Using the TPP as an instrument of a containment policy is extremely unwise. The importance of the bilateral trade relationship should cause US officials to exercise greater caution. So, too, should the fact that China holds some $1.3 trillion of US Treasury debt and is now the single largest foreign purchaser of such debt. It is generally not a good idea for individuals to antagonize their banker, and a similar principle applies to the behavior of nations.
China’s own conduct is causing understandable concern, though. Beijing’s breathtakingly broad territorial claims in the South China Sea (encompassing nearly 90% of that body of water) and its increasingly aggressive pursuit of those claims has especially provoked neighboring countries and encouraged hawks in the United States to advocate a confrontational stance. China’s assertiveness in the South China Sea, along with Beijing’s challenge to Japan regarding the Senkaku/Diaoyu islands, is consistent with the behavior of a rising power that is determined to exercise greater influence in its immediate neighborhood. And Beijing can back up those ambitions with growing economic and military capabilities. The recent slowdown in China’s economy may alter the pace of that assertiveness, but it does not change the fundamental reality that China is a rising power with ambitions to match.

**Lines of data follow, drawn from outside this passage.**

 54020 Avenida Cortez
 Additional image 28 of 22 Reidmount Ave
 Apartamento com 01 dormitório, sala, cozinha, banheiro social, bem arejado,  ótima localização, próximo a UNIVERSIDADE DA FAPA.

That development poses a difficult test for US foreign policy. The historical record of relations between rising great powers and incumbent hegemons is not reassuring. Too often, the result has been intense hostility and even outright warfare. The inability of Great Britain and France to accommodate the rise of Imperial Germany in the early twentieth century is a cautionary tale of the potential for disaster if such a relationship is mishandled. Accommodating a rising China without allowing that country to run roughshod and become the unchallenged hegemon of East Asia is the task now facing US policymakers. It is not an easy task, but American officials need to be more flexible and conciliatory than they have been to this point. A good first step would be to commence immediate negotiations to bring China into the TPP instead of using that agreement as merely the latest component of a hostile containment policy.